MSZ (September 1988)
The question, so popular in leftist circles, “Why don't the workers make revolution?” but keep capitalism running, is a false question.
It lives on the assumption that the “little people” are bound to do something other than what they already do. They are not, however, bound to do anything else at all. It is put so smoothly, as if there were a higher necessity bestowed upon the proletariat which it has to obey, whether it wants to or not. Such a lawfulness is brought about neither by nature nor by “history,” but solely by the idealism of vulgar-materialist worldviews.
Because capitalism, with its regime of business and power, gives the wage earners enough reasons for a revolution, this in no way means – as is suggested – that it is therefore “inevitable.” Exploitation is not a stimulus to which the workers would (must) react with a conditioned reflex by abolishing it.
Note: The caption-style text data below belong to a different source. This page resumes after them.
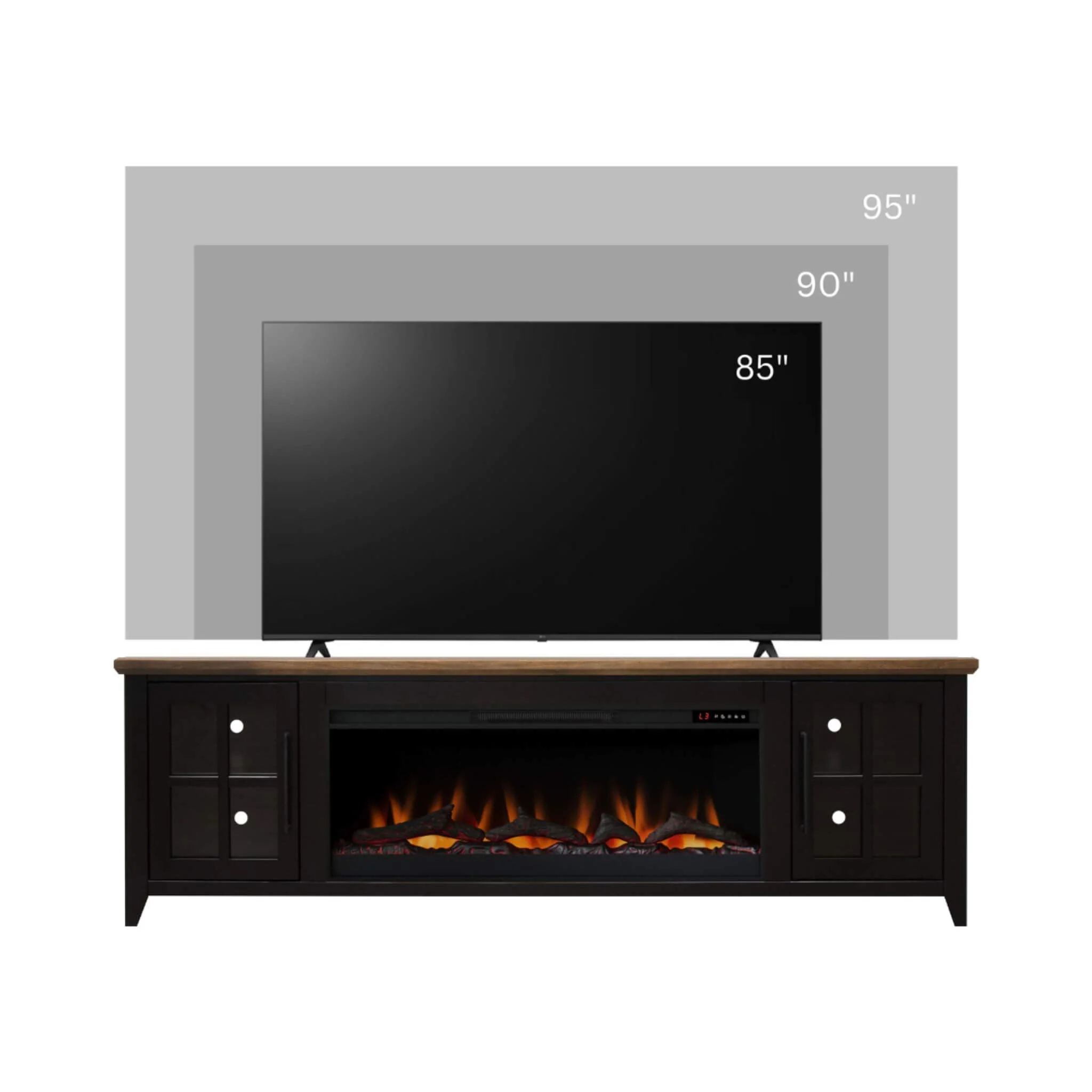 Nuvia 83-Inch Bourbon Black TV Stand With Fireplace And Glass Windowpane Doors (SAK40281) - Image 9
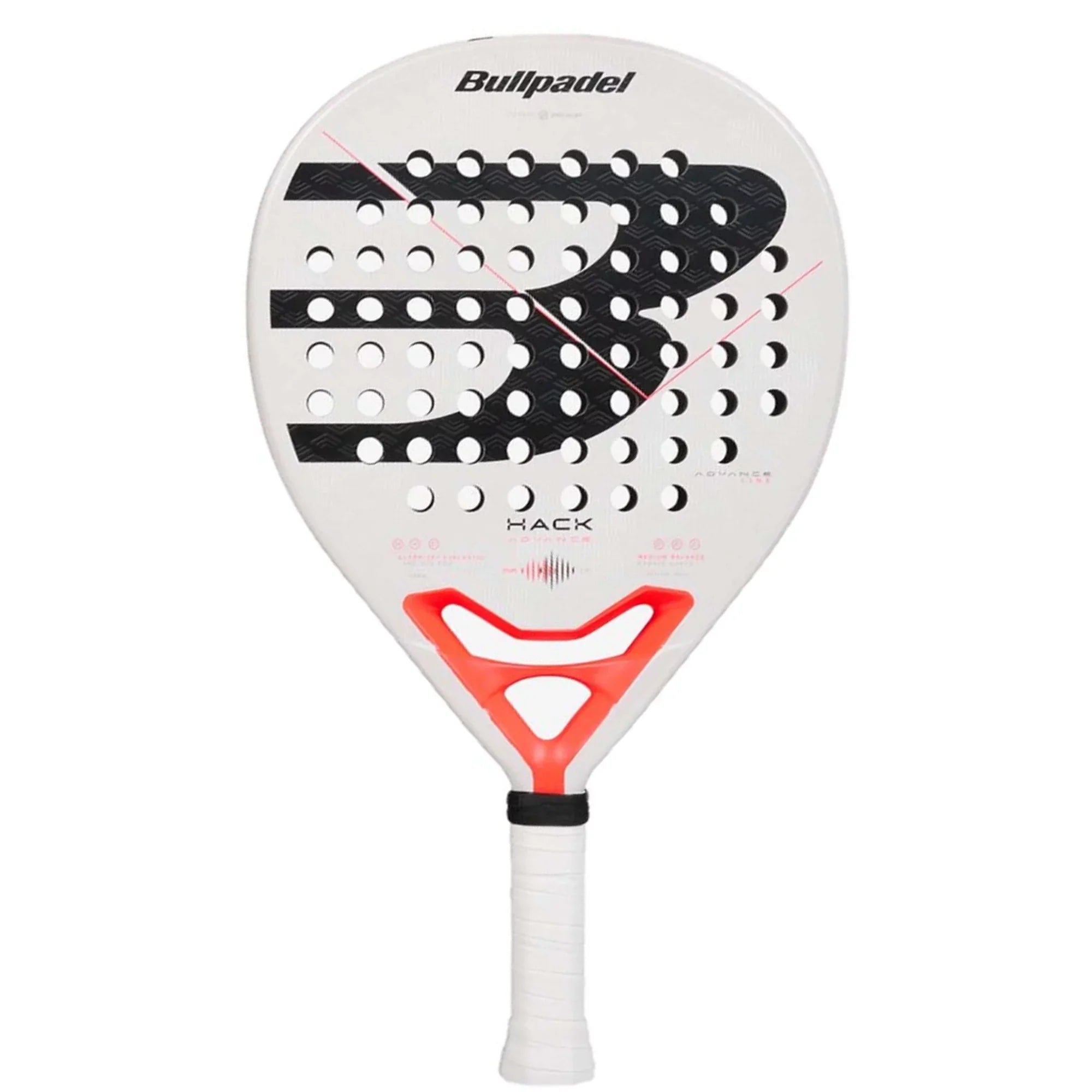 BullPadel Hack Advance 26 Padel Racket - White/Orange White Orange One Size Padel BullPadel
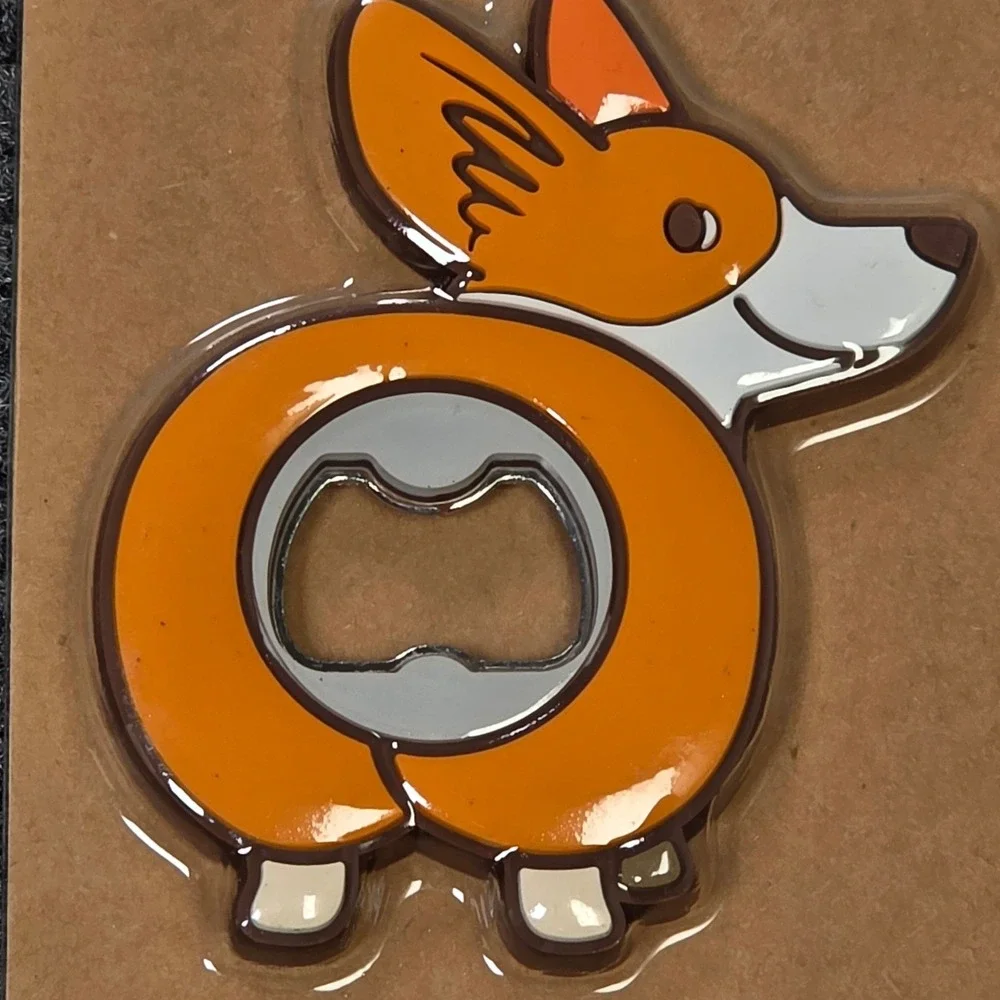 TMD Retail Novelty Bar Tool Corgi Silicone Bottle Opener Orange White Dog NEW‎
Whether they proceed to fight against the system of wage labor is a question of insight into the nature of the capitalist class antagonism and the will to end it. Otherwise precisely nothing happens, i.e. the old shit continues!
The question why “the masses” do not make revolution acts as if these masses constantly grapple with a problem: whether at the moment they should join in or overturn the whole business. However, nobody who joins in has this problem. In any case, no worker asks himself before he goes to the factory in the morning whether or not he would actually rather be the “historical subject of the revolution.” He goes because he needs money, and afterwards goes home, where he sees how far he can stretch his narrow means. Nothing is more stupid than the idea that he does so against his “real mission.”
Nowadays, the whole question is posed only rhetorically by Hirsch, Essen and co. for the fertilization of philosophical seminar debates. It is already meant as an answer, namely in this way: the mere fact that the revolution has not taken place down until today is nevertheless probably argument enough. And indeed to explain the reasons for revolution as invalid. Thus the metaphysical determinist theory is not criticized, but applied creatively, by spelling the motto backwards: where no uprising happens, it is obviously not (any longer) necessary! “Necessary” and appropriate are therefore always exactly the “resistance” and the “social movements” that just exist – because: otherwise there would not be this, but rather something else. So eco-greens and feminism come to academic appreciation for the same reason that the self-created bogeyman of a proletarian mission is always historical-philosophically and sociologically buried anew.